I really like the edge on that point in the first picture.  It looks downright deadly.  Good luck on your hunt - glad you are getting to go.


----------



## Bucky T (Jun 9, 2015)

Very Nice!


----------



## Barry Duggan (Jun 9, 2015)

Wheweeee, with all this Bruce/Caitlin thang going on, you scared me there for a minute Al.


----------



## 2wheelfoster (Jun 10, 2015)

Good luck Al!


----------



## Blueridge (Jun 10, 2015)

looks good Al. Will get to see him up close and personal after you get this done.


----------



## rapid fire (Jun 10, 2015)

You can do this Mr. Al.  Wishing you the best.


----------



## TNGIRL (Jun 10, 2015)

WTG!!!!! another Al Chapman adventure, we get to go on with you!!!!! Looking forward to pics and stories!


----------



## Tikki (Jun 11, 2015)

That is what I like about you Al! Always creative. Go Big or Go Home!!!


----------



## Todd Cook (Jun 11, 2015)

Man those look good! I can't wait to see the results.After watching you shoot that selfbow the other day, I think them bears are in trouble.


----------



## gurn (Jun 14, 2015)

Focus and stick em Al


----------



## Larry Young Jr (Jun 16, 2015)

Those look awesome. Ill get see them up close in camp. Will and I heading up Friday am see yaw at hotel the night before we go to camp.


----------



## pnome (Jun 16, 2015)

Good luck Al!!


----------



## Al33 (Jun 16, 2015)

Larry Young Jr said:


> Those look awesome. Ill get see them up close in camp. Will and I heading up Friday am see yaw at hotel the night before we go to camp.



Good deal Larry, looking forward to seeing you again. Give my best to your dad please.
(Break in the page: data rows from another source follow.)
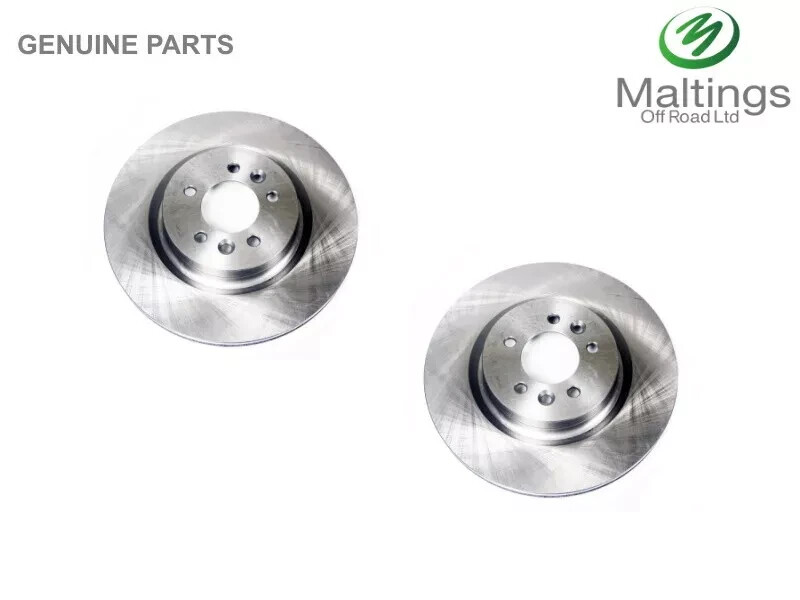 Genuine Land Rover Front Brake Discs LR038934 Fits Discovery 5 360mm – 2017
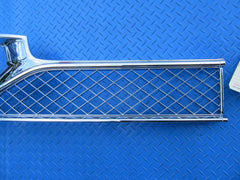 Bentley Continental Flying Spur right front bumper grille #2410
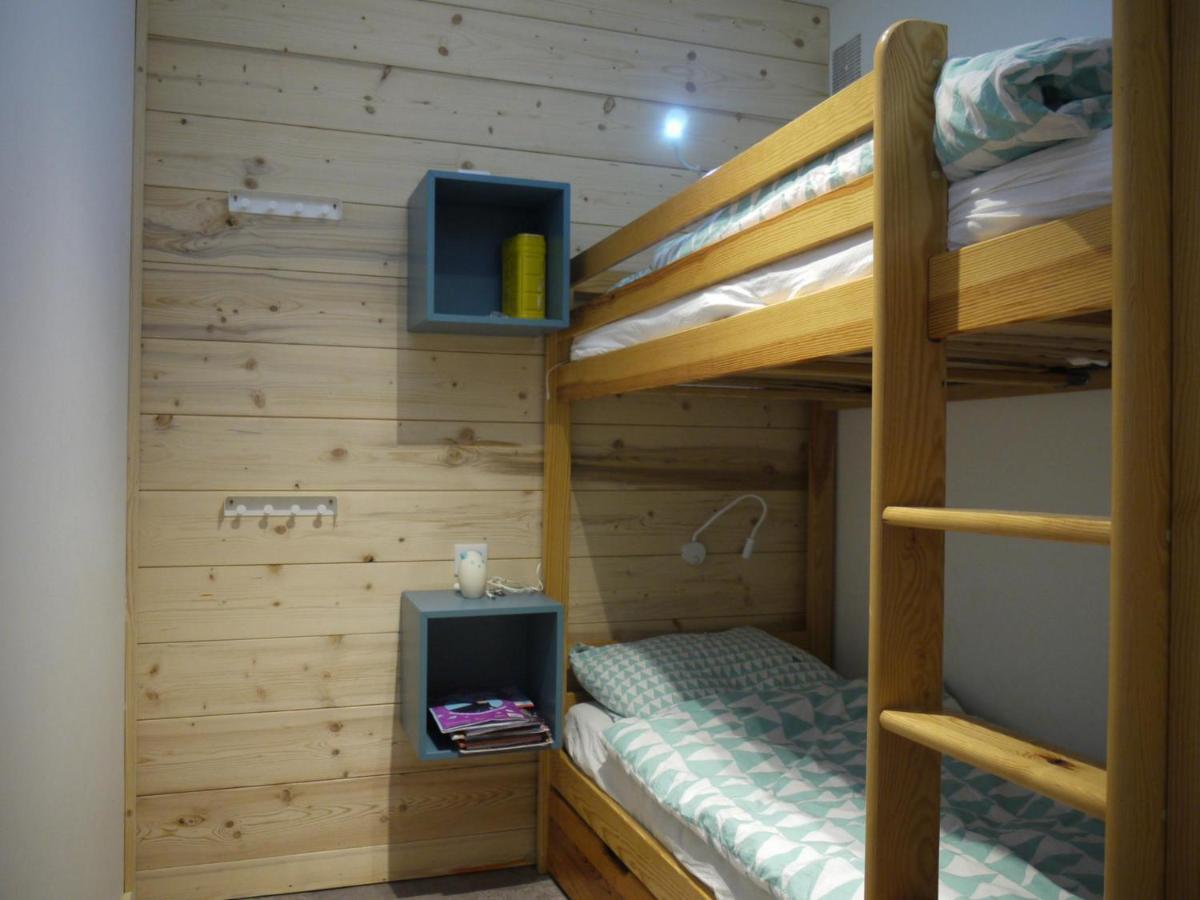 Les 2 Alpes - Charmant Apt Renove 2 Chambres, Balcon, Proche Pistes - Fr-1-546-32 Les Deux Alpes Dış mekan fotoğraf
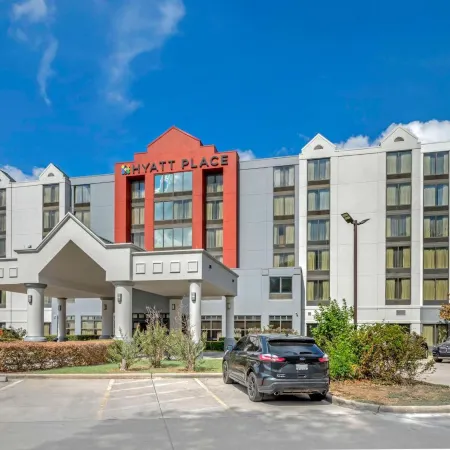 The IAH Houston Hotel
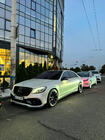 Mercedes S-class W222 2013–2022 Karosskit S63 AMG (2018-restyling) foto 21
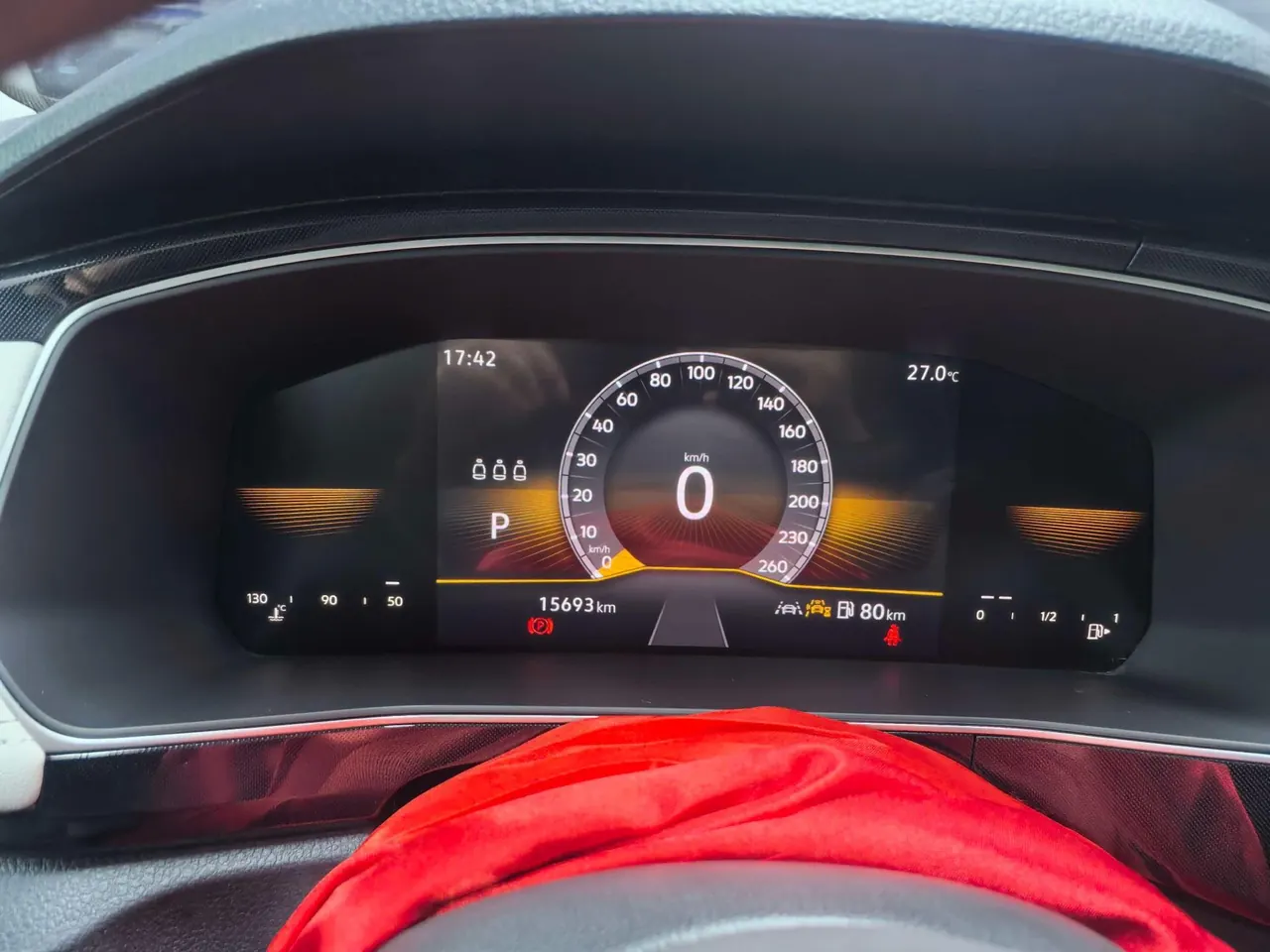Volkswagen 2025 Tuyue Xinrui 1.5TSI 300TSI Sharp Edition Automatic Gear 5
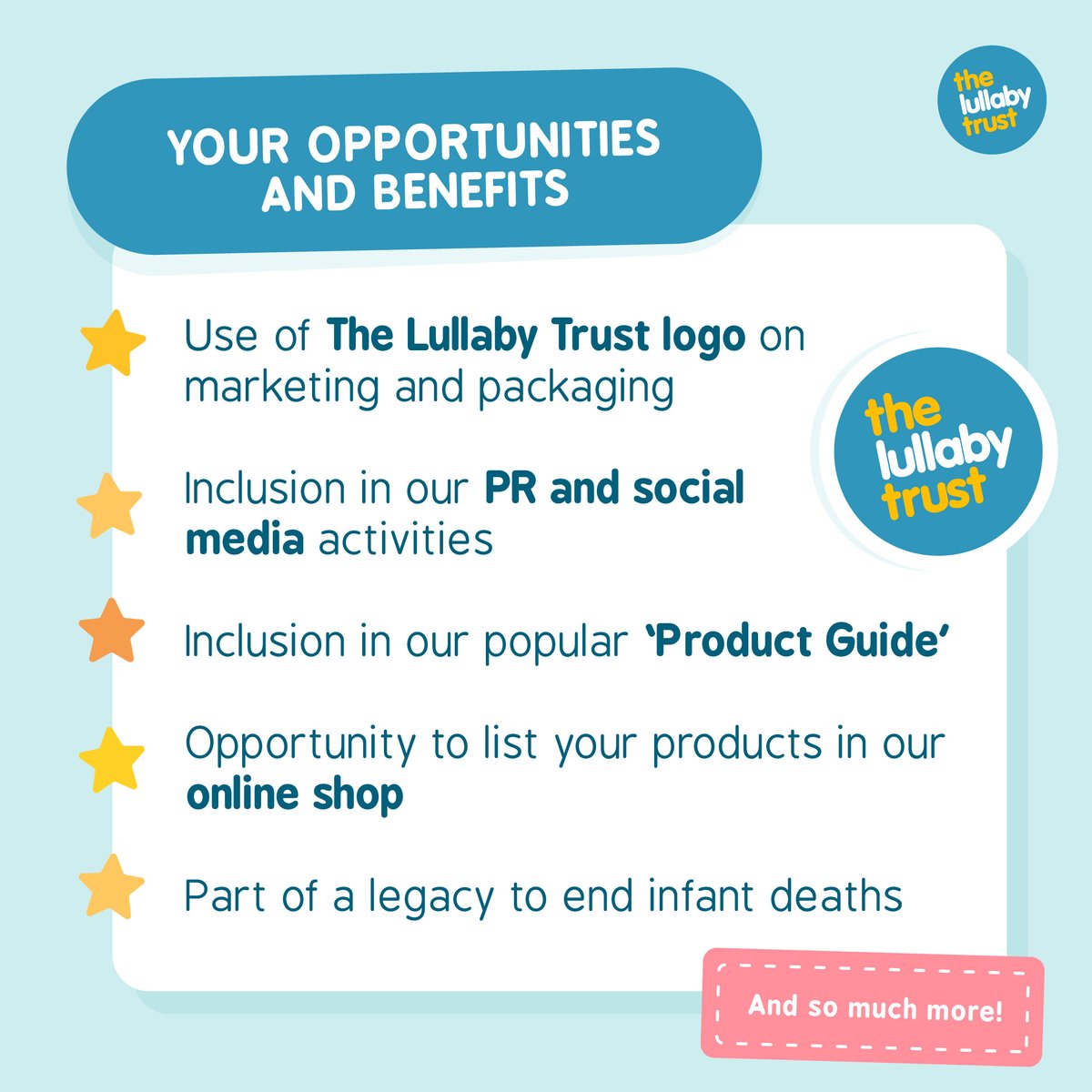 LullabyTrust tweet picture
Thanks all for the well wishes, I am pretty much all packed up. Got some meds today which will hopefully help me pass a kidney stone and some good pain meds in case they don't.


----------



## Al33 (Jun 20, 2015)

About to taxi to the runway for take off. Pumped.


----------



## pine nut (Jun 20, 2015)

Best of luck Al.  Get a bigun!


----------



## dpoole (Jun 25, 2015)

well what is the story ???


----------



## Al33 (Jun 27, 2015)

Well, three in our group of five got bears but I did not. I had a fantastic time and hope I can do it again. Details to come later I hope.


----------